Tanto en la entrada principal como los pasillos que conducen a la biblioteca, el salón y el comedor principal y la cocina, el piso es de mármol Travertino. El salón principal y el comedor de visitas están atravesados por dos inmensas vigas de madera natural talladas a mano en los dos extremos que apoyan en las paredes.
El comedor ene a que Videla almorzaba todos los días a las dos de la tarde, cuando regresaba de cumplir su función de asesor en el Banco San Juan, es muy sencilla: es una L de asientos fijos tapizados de rojo, una mesita y tiene la particularidad de conservar la heladera General Motors color gris que le regalaron para su casamiento. Allí también hay una pequeña pileta de lavar que era usada para la vajilla fina.
A continuación de este espacio está la cocina, con conexión directa a la calle, al fondo y al comedor principal, en la que resalta un extenso mesón como para una docena de comensales y está conectado al salón principal mediante una puerta plegadiza.
Cada uno de estos ambientes, desde el hall de entrada, hasta el escritorio, la biblioteca, el salón principal y la galería del primer piso, se destacan por tener arañas pensadas para cada ambiente, en cuanto a su tamaño y sistema de iluminación, que le dan un toque de distinción único.
La mayoría de estos lugares tienen una abertura que conectan al fondo de la casa, un espacio amplio que también se comunica con la avenida Alem. Allí se destaca un ombú de muchos años que parece brotar de la tierra con sus raíces por sobre el césped; un nogal cargado de nueces, una magnolia, un naranjo y un laurel. En ese sector, todo el ancho de la casa es una galería de arcos que hacen de balcón del primer piso, desde el que se observa el frente del Teatro Sarmiento.
Bajo tierra, la casa de Videla también tiene sus secretos: tiene un gran sótano en el que el historiador jugaba grandes partidas de póker con sus amigos. Pero cuando instalaron en ese lugar la caldera para la calefacción de toda la casa, ese espacio dejó de usarse para ese fin.
Datos
En cada ambiente de la casa de Videla se observan crucifijos, fotos de obispos e imágenes religiosas que denotan la profunda fe católica del historiador.

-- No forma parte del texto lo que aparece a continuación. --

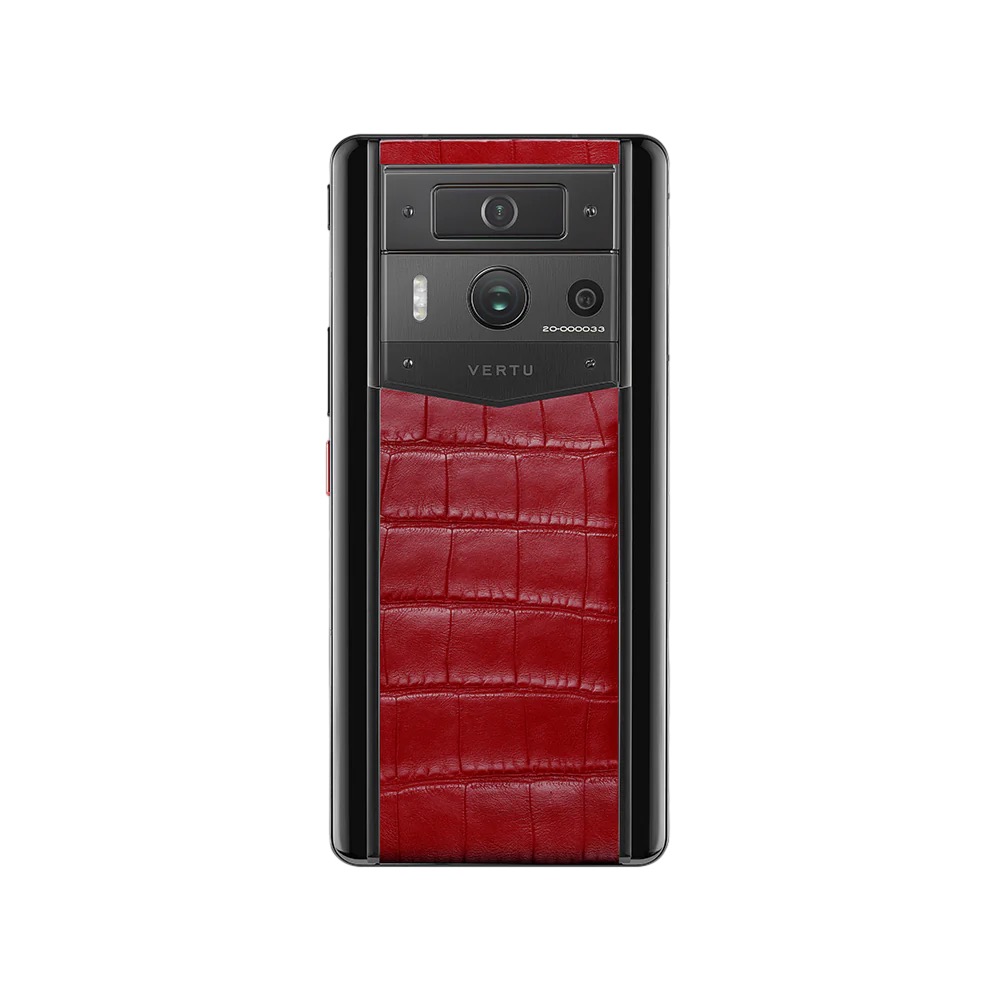 METAVERTU 2 ALLIGATOR SKIN WEB3 AI PHONE - FLAME RED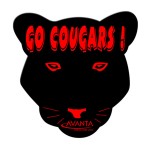 Cougar Paper Window Sign (Approximately 8"x8") Custom Imprinted
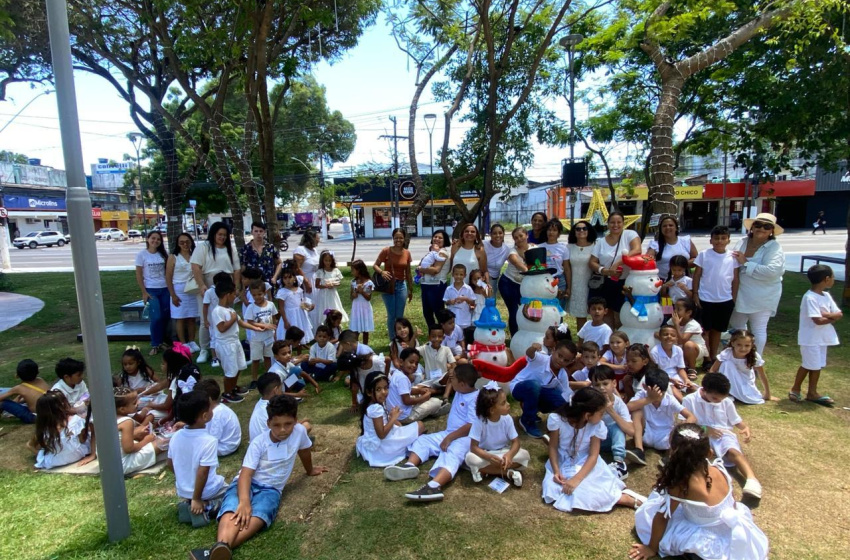 Alunos da Educação Infantil finalizam etapa de aprendizagem no Parque Centenário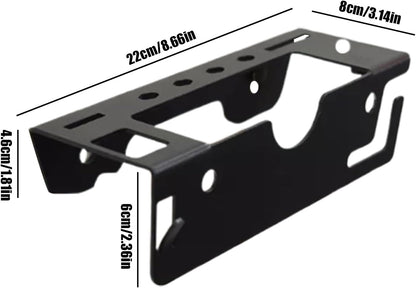 GENERIC Support De Rangement Pour Meuleuse D'angle – Support Mural En Fer Pour Polisseuse – Support De Rangement Pour Meuleuse D'angle – Pour Atelier, Garage, Maison, Clés à Couper, Tournevis, Pinces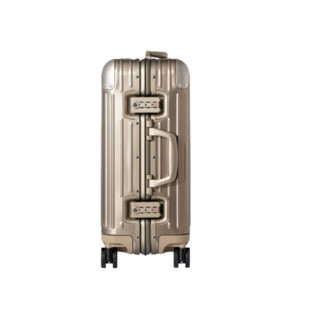 RIMOWA 日默瓦 ORIGINAL系列 拉杆箱92563034钛金色26英寸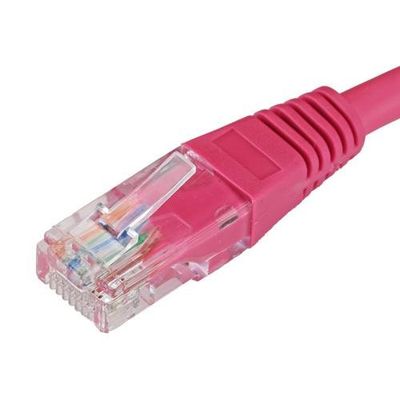 Cablenet 30m Cat5e RJ45 Pink U/UTP PVC 24AWG Flush Moulded Booted Patc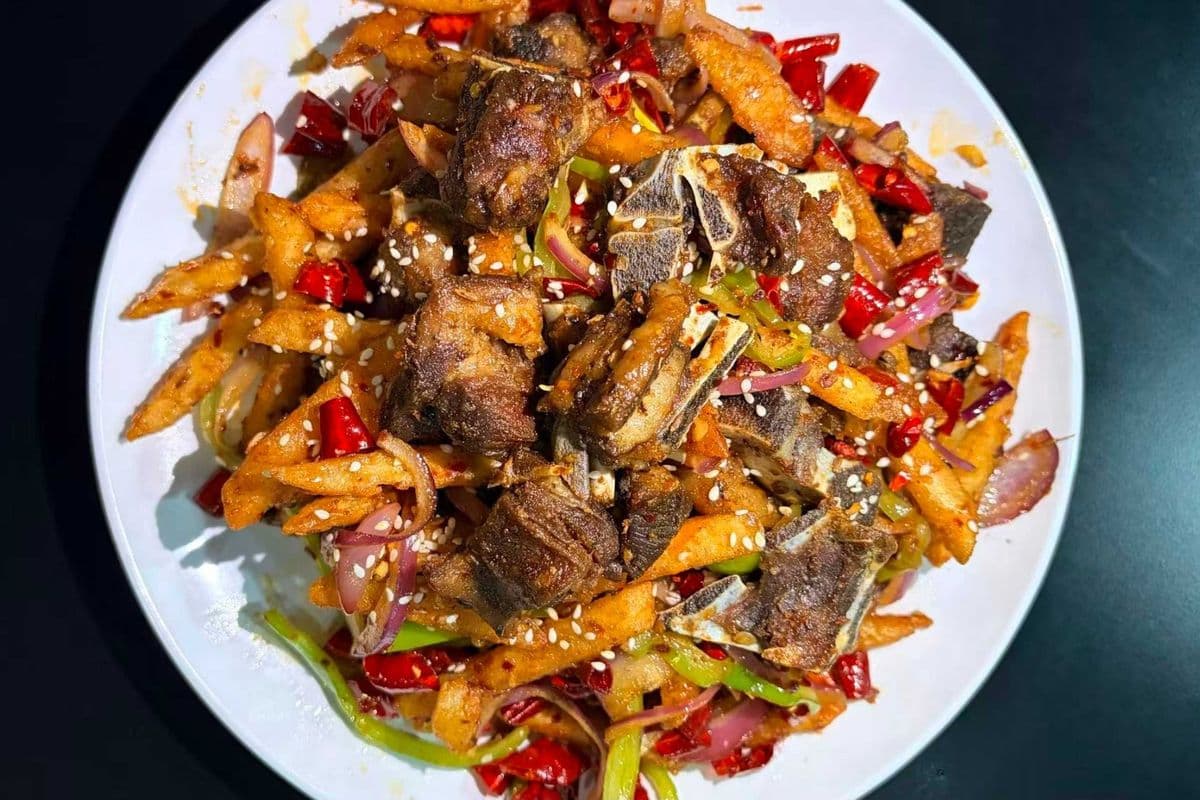 Dry Pot Lamb 干锅羊肉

El historiador Videla dejó su casa en herencia a la Universidad Católica de Cuyo, quien dedicó el espacio a un centro de estudios históricos.
Horacio Videla nunca tuvo hijos. Al poco tiempo de casarse se divorció e incluso hizo gestiones hasta que el Papa le disolvió su matrimonio.
Marina Mercado, una sobrina de quien fuera el ama de llaves de toda la vida de Videla, vive en esa casa desde los 12 años. Hoy en día es la persona que la sigue habitando y cuidando sus recuerdos.